Part 3: the paper with Wuhan mosquito virus 6 and Josh

If you’re going in chronological order you’ve already read about how I got involved with Chan Zuckerberg’s Biohub individual mosquito transcriptome project, the exciting findings from it and the issues it faced, a brief foray into collaboration on one of the interesting viruses we stumbled upon, and now I’ll tell you about the most recent paper that came out of the Californian mosquito data. It’s both a kind of love story and a mission statement for my lab as we go forward.

Background

Picture this - as we’re wrapping up and polishing the main individual Californian mosquito transcriptome paper a number of analyses that I had done remain overboard. Many of them are from a time when we thought of the paper as being a compilation of vignettes - short self-contained stories highlighting some interesting aspect of virus biology that was enabled by our study design. Some I’m keeping for potential metagenomically-inclined PhD students, others were not that exciting in retrospect, and the rest I’ll talk about here.
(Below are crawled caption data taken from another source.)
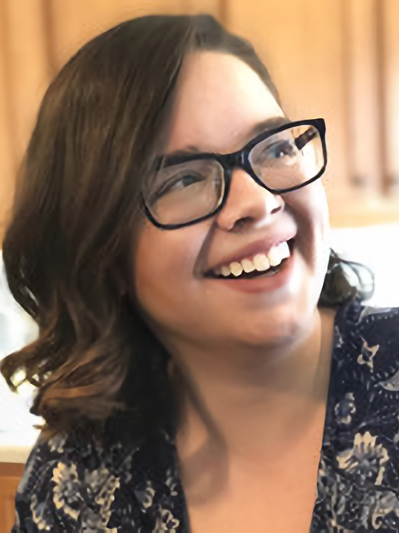 Jess Reilly, Freelance Copywriter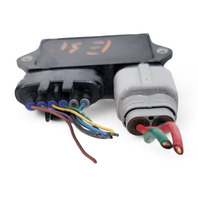 Toyota 4Runner 04-08 Air Injection Driver Control  89581-34041, E031, OEM, 2004, 2005, 2006, 2007, 2008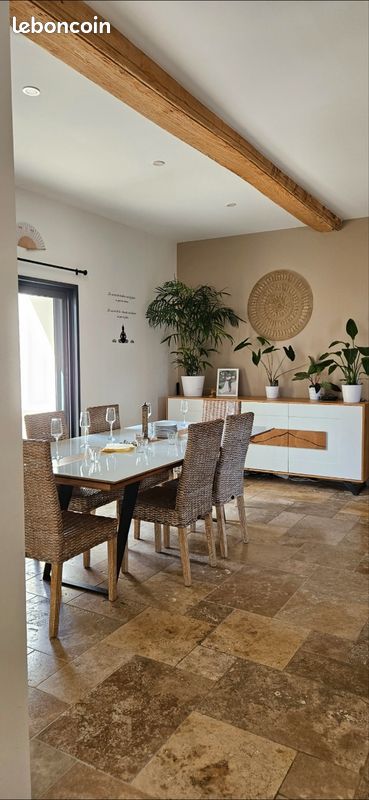 Maison 6 pièces 180 m² · à Jonage · 180 m² · 610 000 €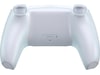 PlayStation 5 DualSense Kontroller V2 (Chroma Pearl) Tilbehør til spillkonsoller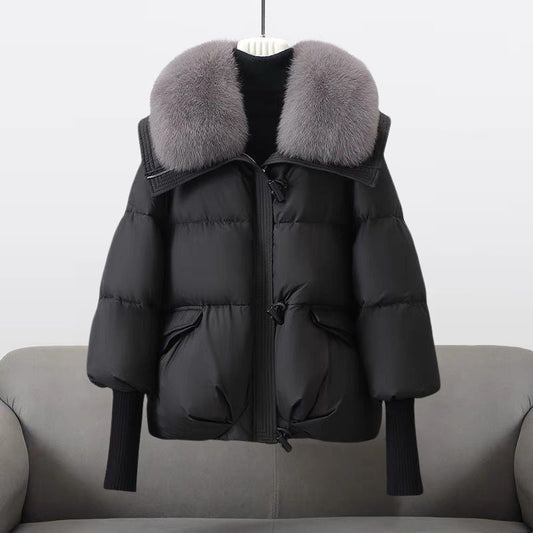 Amila – Geacă Padded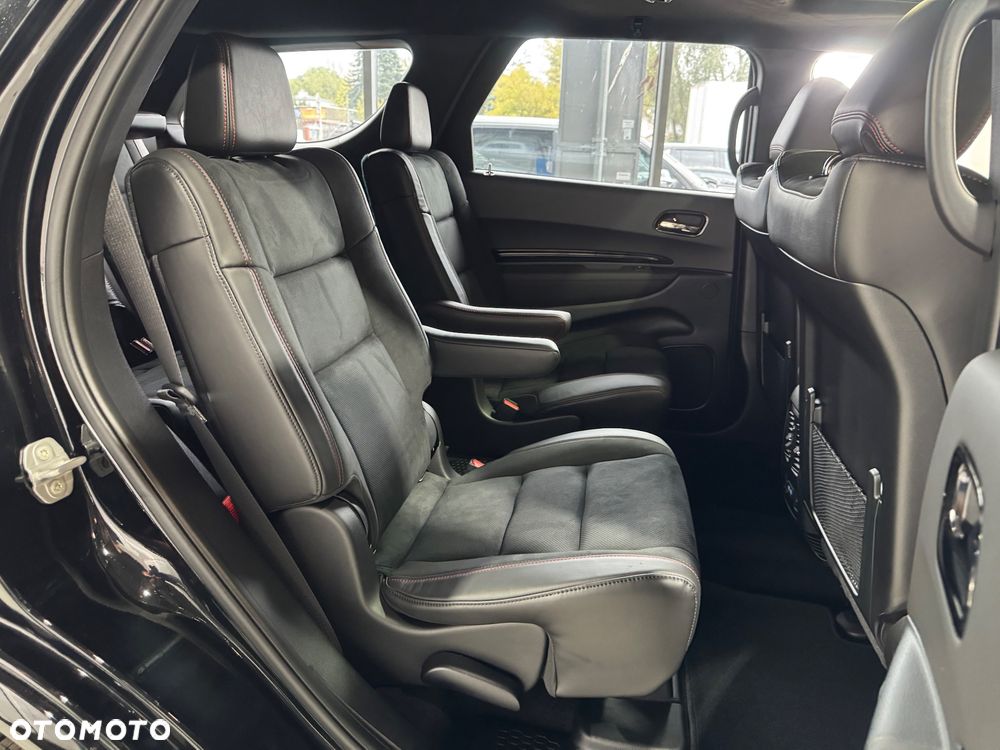 Dodge Durango - 20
I should also say that this particular study lingered on my desk an unbelievably long time. I had an early draft of this paper in late 2020 with a slightly different framing that was marinating until 2022 when Josh and I mustered enough motivation to push through the last round of revisions for it. After that we put it up on bioRxiv and initially sent it to Review Commons for peer review (try it if you haven’t!). I was very pleasantly surprised when an editor of Evolution Letters reached out to see if we wanted to submit it there but unfortunately we had other plans in mind. Since Journal of Virology doesn’t recognise reviews from Review Commons we had to do more rounds of peer review which was fine by me, we even got some solid confirmation that we weren’t getting the interesting results because of some fluke.
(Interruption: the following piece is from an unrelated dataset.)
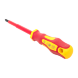  Отвертка PH2х100мм Master 1000В Basic EKF ph-2-100-mas-in (Отвертки) 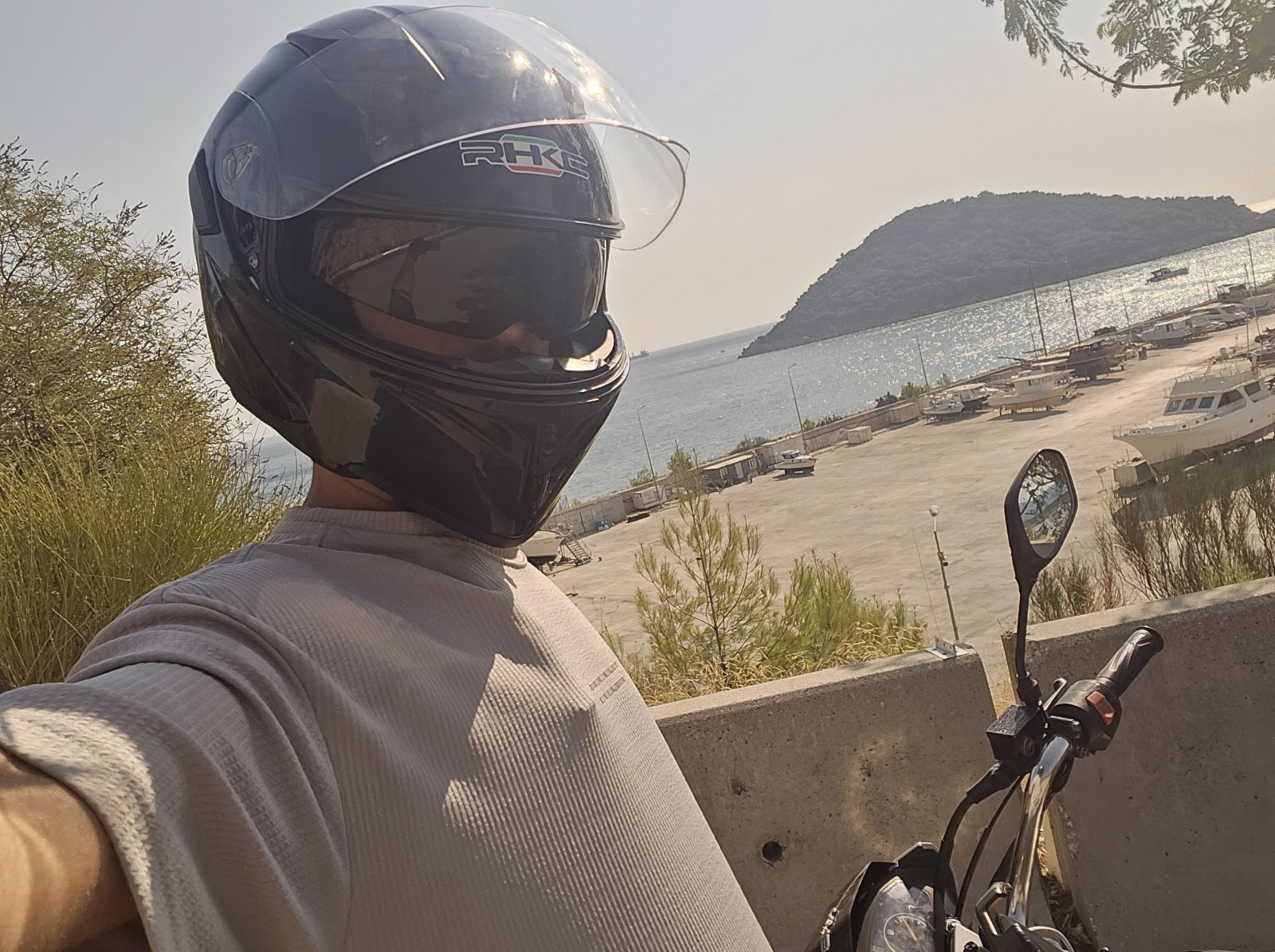 Beydağları Sahil Milli Parkı photo 4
Before I go into any of the details I feel like I should give you one crucial piece of information to understand why I did this study the way I did it. I love orthomyxos (members of Orthomyxoviridae). Have since my early PhD days. It’s what my first first-author paper is on. I love that its diversity is amenable to family-wide analyses, love the genome organisation, love its tractable reassortant way of recombining, and I certainly appreciate that its members can be a problem for vertebrate health.

The vignette

One of the first things that was left overboard with the Batson et al. (2021) paper was a reassortment network of Wuhan mosquito virus 6 (WuMV-6). The paper felt busy as it is without an arbitrary deeper dive into an obscure virus. We already had all the orthomyxo finds we could want - an eight-segmented clade, reconstruction of putative segments from other people’s data, some phylogenetics showing expected patterns of diversity and some reassortment. A deeper dive into WuMV-6 would’ve detracted from the paper whilst not doing our finding any justice. It was agreed that I was free to pursue the story on my own.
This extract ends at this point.